The seven are now subject to a freeze on assets they hold in the
United States and a ban on U.S. travel. The 17 companies will be
subject to an asset freeze.
RUSSIA SAYS SANCTIONS UNCIVILIZED
Russian Deputy Foreign Minister Sergei Ryabkov called the new
sanctions illegitimate and uncivilized and said they were based on
an "absolutely distorted" view of events in Ukraine.
Rosneft shares fell 1.7 percent, but oil traders and global energy
companies played down the repercussions of the sanctions on Sechin.
"So he cannot fly to drink with U.S. energy executives," said one
senior Russian oil trader. "But otherwise business will continue."

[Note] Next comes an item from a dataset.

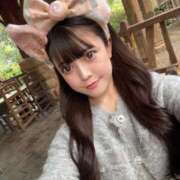 ヒメ日記 2026/03/14 01:12 投稿 うる 君と！ヤリスギ学園～舐めたくてグループ町田校～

Shares of British oil major BP Plc, which owns 19.75 percent of
Rosneft, fell 1 percent. It said it would remain a long-term
investor in Russia. "We are committed to our investment in Rosneft
and we intend to remain a successful, long-term investor in Russia,"
a BP spokesman said.
Mark Mobius, who manages more than $40 billion in emerging-markets
assets at Franklin Resources Inc's Franklin Templeton Investments,
dismissed the impact from the sanctions on his portfolio, which
includes about $200 million in Ukrainian stocks and $500 million in
Russian equities.
"The word we're getting from the companies in which we invested is
'no big deal'," he told Reuters in an interview. "For Russia, prices
have been really depressed, and the valuations are extremely
attractive."
Obama has drawn fire from Republican critics who think he has not
moved aggressively enough in the face of the deepest East-West
crisis since the Cold War.
Tennessee Senator Bob Corker, the top Republican on the Senate
Foreign Relations Committee, called the new sanctions "just a slap
on the wrist.
"Until Putin feels the real pain of sanctions targeting entities
like Gazprom, which the Kremlin uses to coerce Ukraine and other
neighbors, as well as some significant financial institutions, I
don't think diplomacy will change Russian behavior and de-escalate
this crisis," Corker said in a statement.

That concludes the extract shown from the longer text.